[Recorded data]
——————————

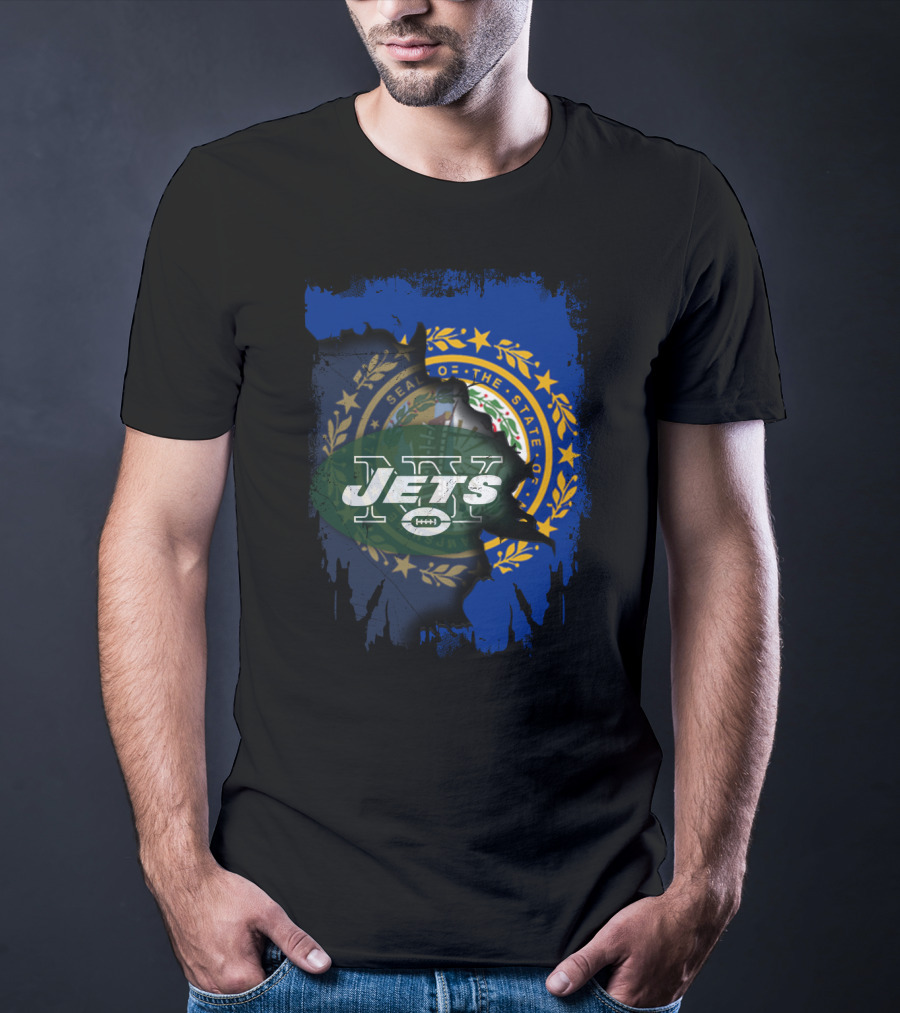 New Hampshire State Seal And Jets Football T-Shirt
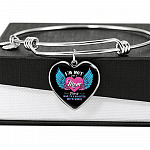 I'm Not Just A Mom I'm A Daughter To A Son With Wings Heart Pendant Necklace-Bangle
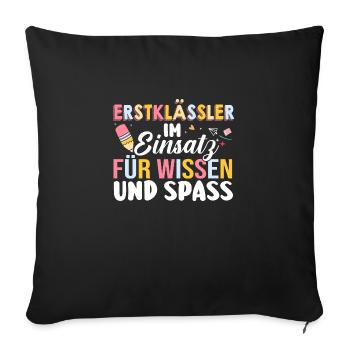First Grade Elementary School Back to School Gift - Sofa pillowcase 17,3'' x 17,3'' (45 x 45 cm) - black - Front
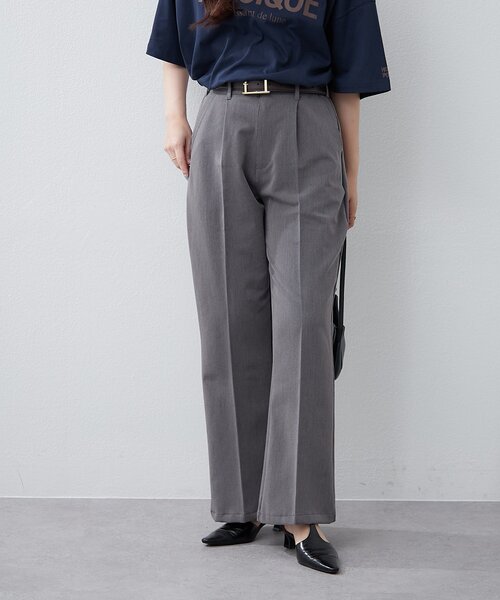 Remind me and forever(リマインドミーアンドフォーエバー)の「【M/Lサイズ展開】美シルエットベーシックフレアパンツ(その他パンツ・レディース・キャメル/チャコールグレー/ブラウン/ブラック・MEDIUM/LARGE)」の1枚目の写真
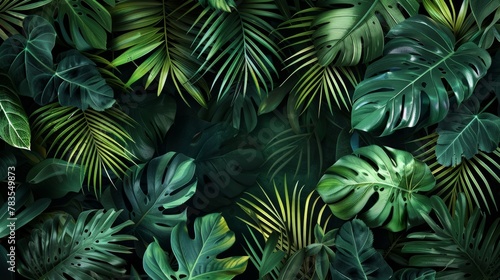 A lush depiction of tropical leaves in shades of green evoking the warmth and vitality of summer in a dense jungle setting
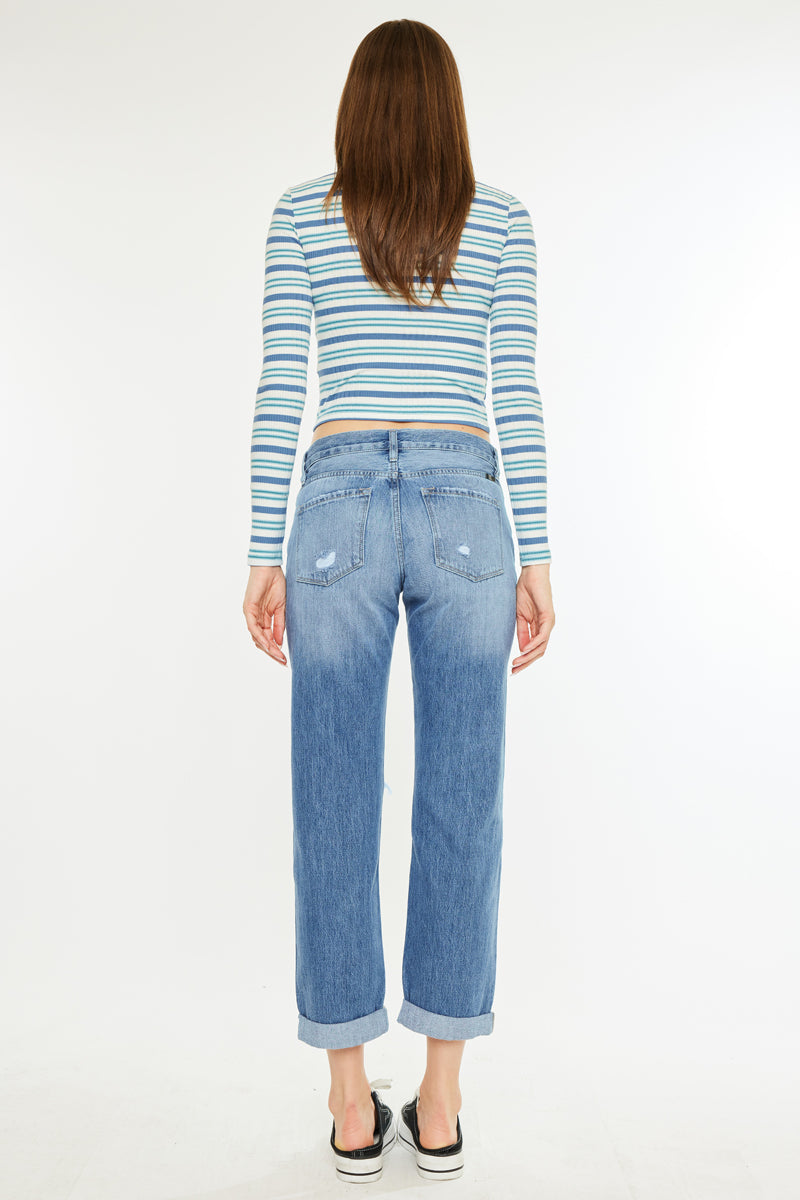 Lowell Mid Rise Classic Boyfriend Jeans - Official Kancan USA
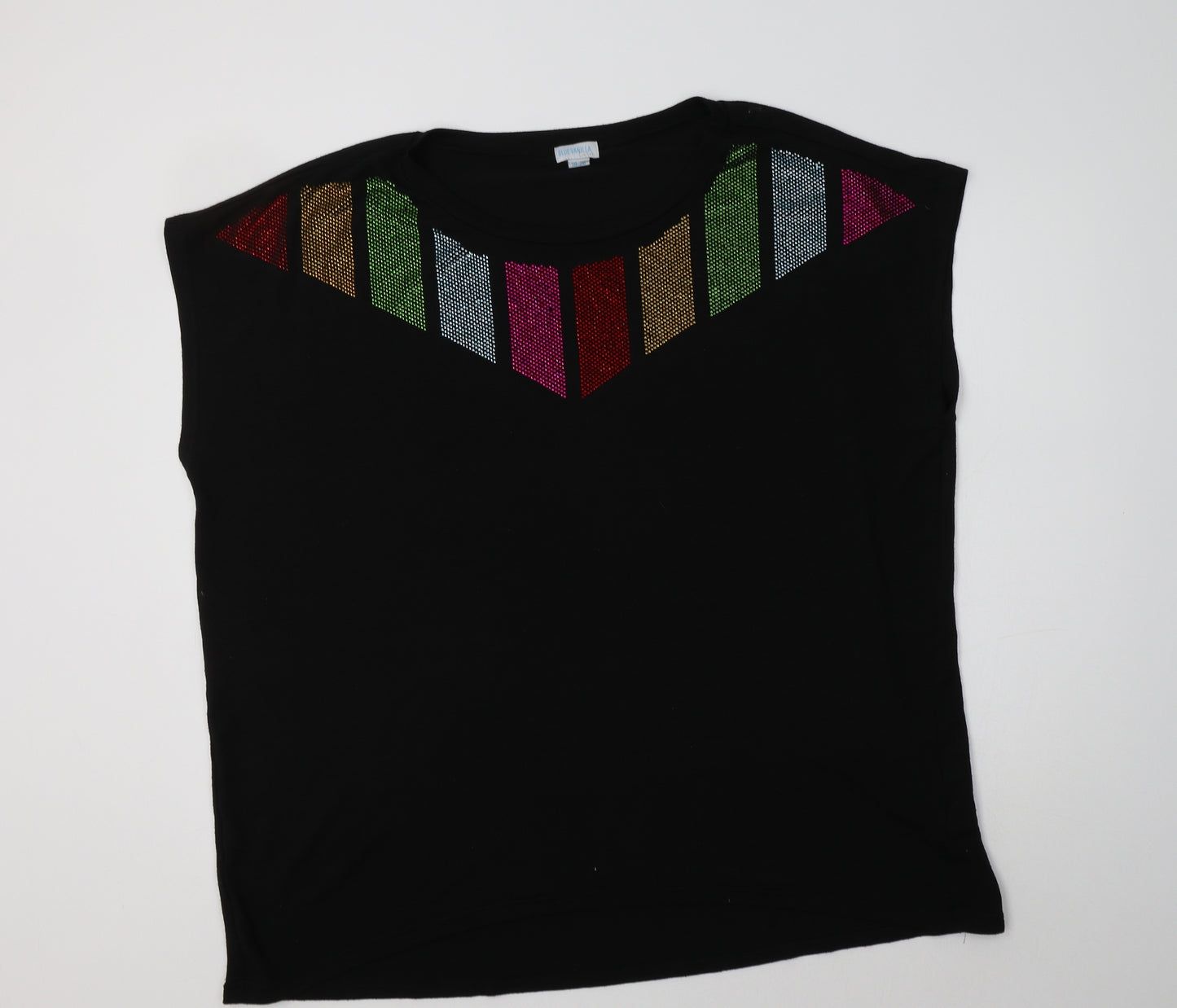 Blue Vanilla Womens Black Geometric Polyester Tunic Blouse Size 20 Crew Neck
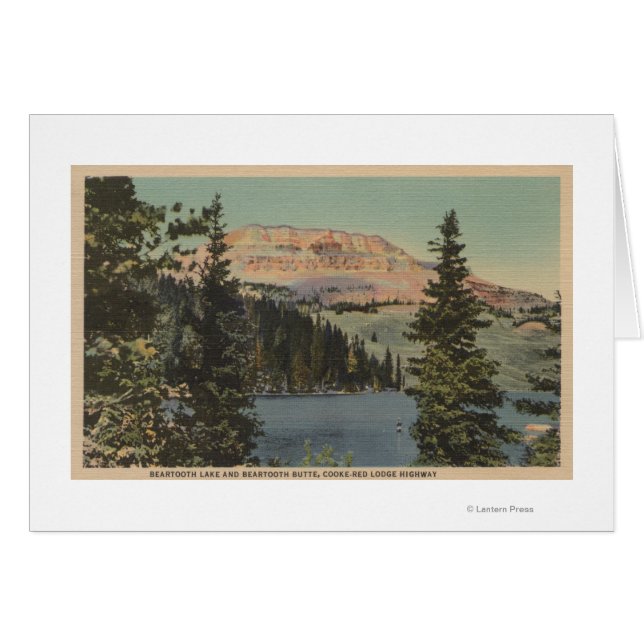 Red Lodge, MT - View of Beartooth Lake & Butte (Front Horizontal)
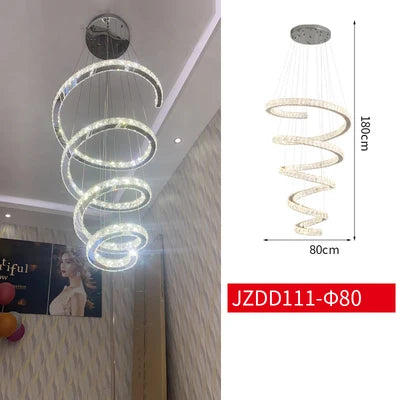 Duplex Villa Spiral Stair Long Crystal Chandelier Lighting Modern LED Chandelier Hotel Lobby Living Room Decoration Crystal Lamp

——————————

Exercise directions: Once the line with "Remind me and" is found in the data above, reproduce it and each line after it exactly, through the line with "Lowell Mid Rise". Omit the pictures.

Result for this exercise:
 Remind me and forever(リマインドミーアンドフォーエバー)の「【M/Lサイズ展開】美シルエットベーシックフレアパンツ(その他パンツ・レディース・キャメル/チャコールグレー/ブラウン/ブラック・MEDIUM/LARGE)」の1枚目の写真
 A lush depiction of tropical leaves in shades of green evoking the warmth and vitality of summer in a dense jungle setting
 Lowell Mid Rise Classic Boyfriend Jeans - Official Kancan USA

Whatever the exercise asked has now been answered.